Toparlamak gerekirse, ekonomideki borç üzerine kırılganlıkla siyasetteki kırılganlık yani çizgileri kalınlaştırarak çözüme varmaya çalışmak, dayatmalar, önümüzdeki dönemde çok ciddi belirgin faktörler olarak ortaya çıkacaktır.
Türkiye hâlâ dünyanın en düşük tasarruf oranı olan ekonomilerinden birisi. Bu da hâlâ kaynak sorunu olduğunu gösteriyor.
- Siz diyorsunuz ki kaynak sorunu var. O zaman borç da almadan ekonomi nasıl büyüyecek? Demokratikleşme sorunu nasıl aşılabilecek?
N.İ.- İki noktanın da pozitif taraflarını bulmamız lazım. Bir kere yerel ölçekte, kendi öz gücümüze dayalı plan, proje ve yaratıcılık getiren herkesi desteklemeliyiz. Dünya ekonomisi şu anda ülke ya da varlıklara sahip olmak üzerine kurulu mekanizmalardan varlıkların paylaşıldığı mekanizmalara evriliyor. Türkiye’de mutlaka artık bu yaklaşımı benimsemeliyiz. Dünyada mega proje diye bir şey kalmadı. Artık gerçek ekonomik değer yaratan ve paylaşımcı mekanizmalar oluşmaya başladı.

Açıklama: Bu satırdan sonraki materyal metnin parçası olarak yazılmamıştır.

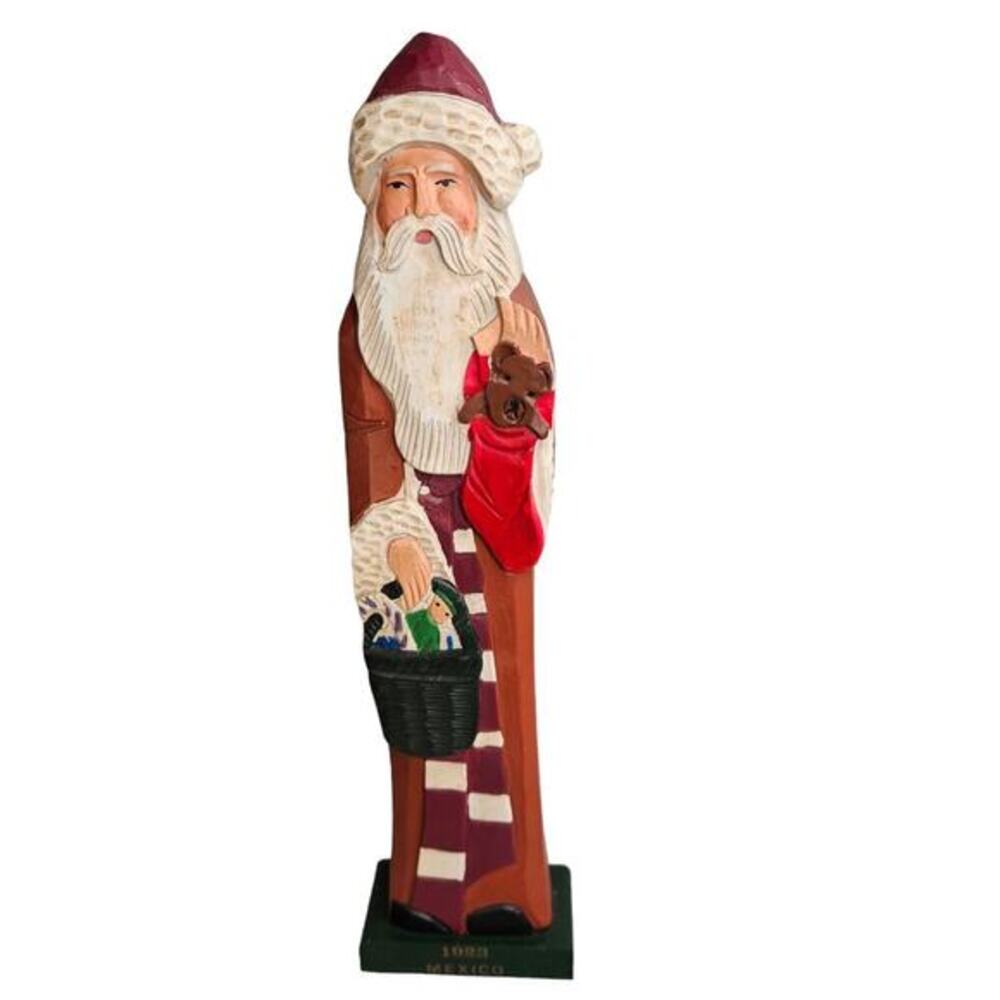 Carved Wood Santa Claus Tall Folkart Xmas‎ Mexico Handpainted Mercuries 1994 Vtg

Son 20 yılda biz Türkiye’nin en önemli itici gücünün küçük ve orta ölçekli işletmeler (KOBİ) olduğunu gördük. Buradaki sinerji ve öz kaynak gücünü devreye sokmalıyız. Türkiye, unutmayalım ki 2001 krizini de KOBİ’ler sayesinde atlattı. Siyasetin önünü tıkayan en önemli konu temsil sorunudur. Artık seçim barajı konusunu bütün siyasi hesapların ötesinde memleket meselesi haline getirmeli ve bu sorunu çözmeliyiz. Herkesin kendi mahallesinde siyaset yaptığı, yaptığı siyaseti de parlamentoya taşıyabildiği bir sistemi kurmak zorunluluğumuz var.

P O R T R E

NEBİL İLSEVEN
ABD’de Kentucky Üniversitesi’nde siyaset bilimi ve ekonomi öğrenimi gördü. Uluslararası ilişkiler ve ulusal güvenlik politikaları konusunda yüksek lisans derecesini aldı. Merkezi Washington’da olan Center for Strategic and International Studies (CSIS) isimli düşünce kuruluşunda çalışmalar yaptıktan sonra Türkiye’ye dönüşünde özel sektöre geçti. ENKA Holding’de üst düzey yöneticilik yaptı.
ATV televizyon kanalının
kuruluş çalışmalarında bulundu.
Bankacılık Düzenleme
ve Denetleme Kurulu’nda (BDDK) Başkan Yardımcılığı yaptı. Bilgi Üniversitesi’nde öğretim görevlisi olarak çalıştı. Bunun ardından Doğan Holding’de genel koordinatörlük yaparken kendini bir gün içinde CHP İstanbul İl Başkanı olarak buldu.53 gün süren il başkanlığından istifa etti.
Şimdi Işık Üniversitesi’nde yardımcı doçent olarak dersler veriyor. Toplumcu Düşünce Enstitüsü isimli düşünce kuruluşunun başkanı.